* Work order: Repeat exactly the lines of the records below, starting at the line containing "The Five Angels - Kimberly M. Ringer" and ending at the line containing "Adraine White". Leave the pictures out.

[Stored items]
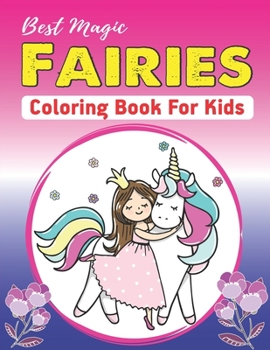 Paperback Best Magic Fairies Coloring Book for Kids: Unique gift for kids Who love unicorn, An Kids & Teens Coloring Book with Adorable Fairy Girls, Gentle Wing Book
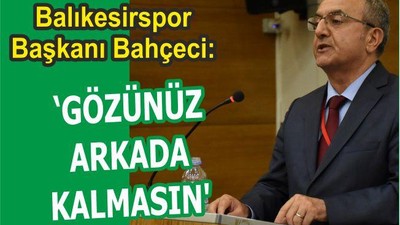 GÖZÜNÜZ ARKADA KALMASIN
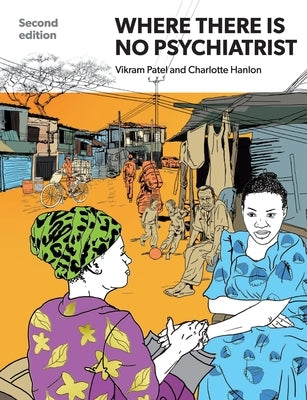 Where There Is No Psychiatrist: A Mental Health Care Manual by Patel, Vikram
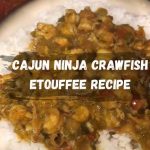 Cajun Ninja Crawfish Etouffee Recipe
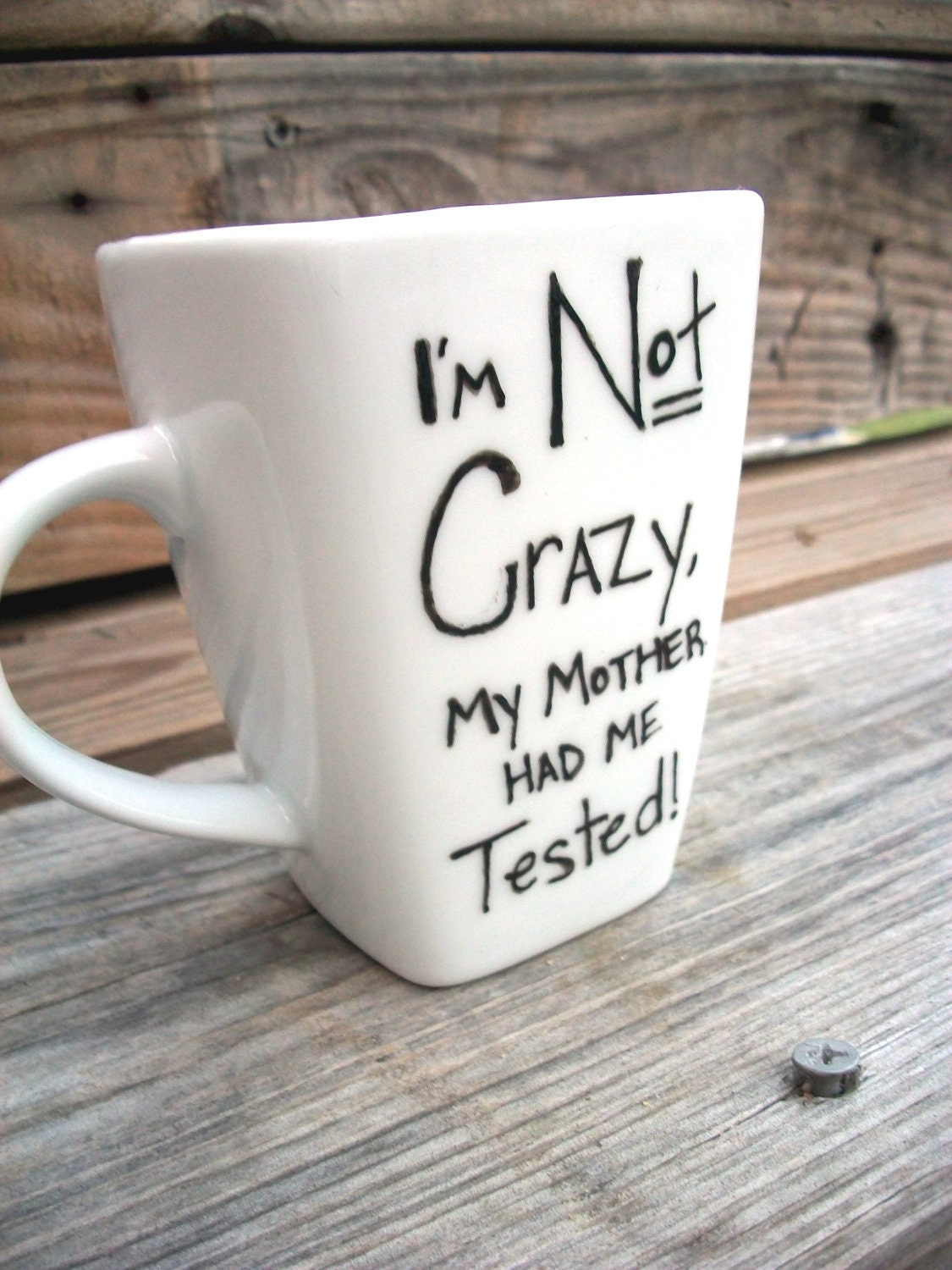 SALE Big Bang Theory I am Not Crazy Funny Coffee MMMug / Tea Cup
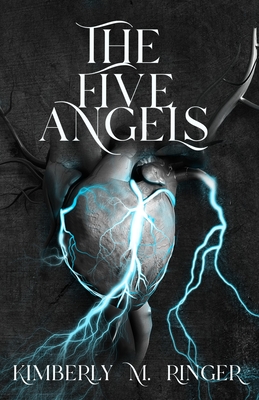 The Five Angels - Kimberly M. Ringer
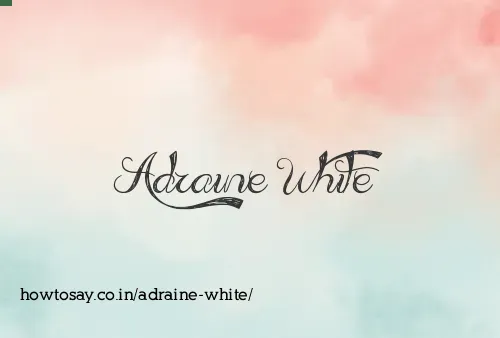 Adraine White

--

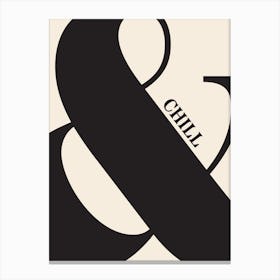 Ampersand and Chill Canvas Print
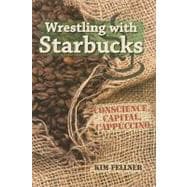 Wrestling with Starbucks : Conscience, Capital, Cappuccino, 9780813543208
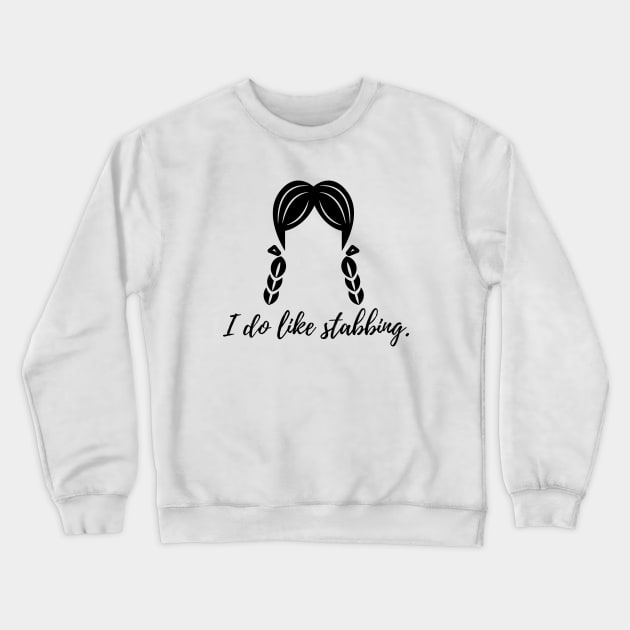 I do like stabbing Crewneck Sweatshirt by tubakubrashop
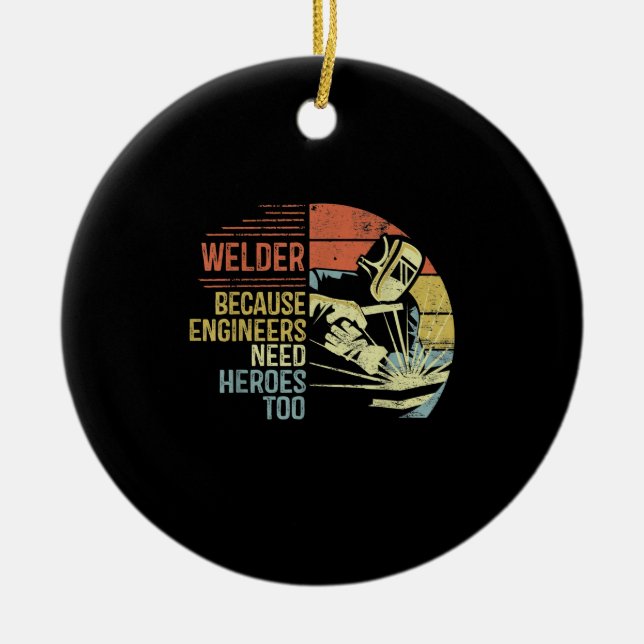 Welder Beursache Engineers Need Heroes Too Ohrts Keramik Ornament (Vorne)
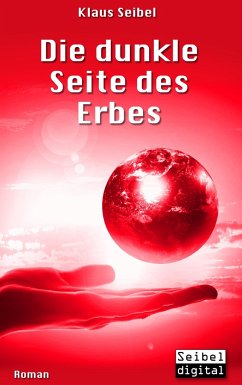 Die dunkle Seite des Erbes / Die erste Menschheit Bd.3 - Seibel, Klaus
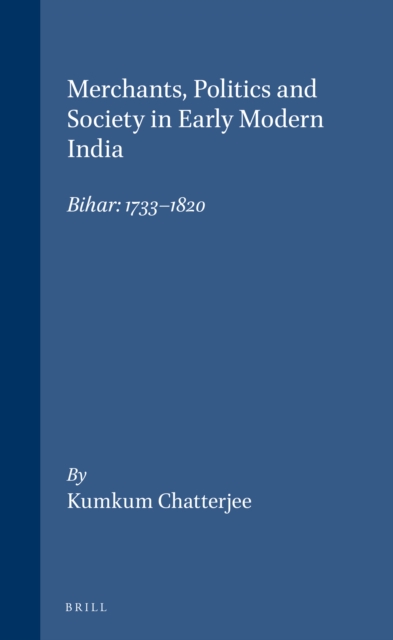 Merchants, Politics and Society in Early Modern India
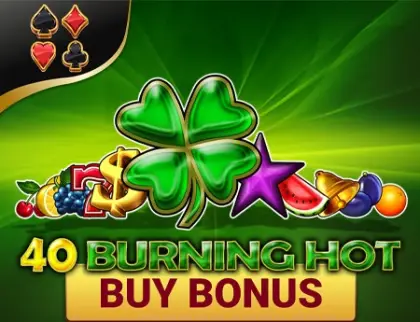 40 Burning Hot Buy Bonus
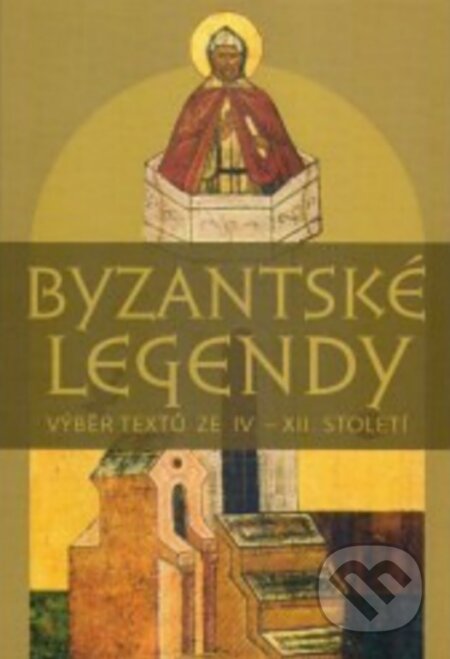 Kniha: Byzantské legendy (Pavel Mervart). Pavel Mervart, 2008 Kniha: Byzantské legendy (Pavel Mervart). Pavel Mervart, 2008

* Exercise solution:
 The Five Angels - Kimberly M. Ringer
 Adraine White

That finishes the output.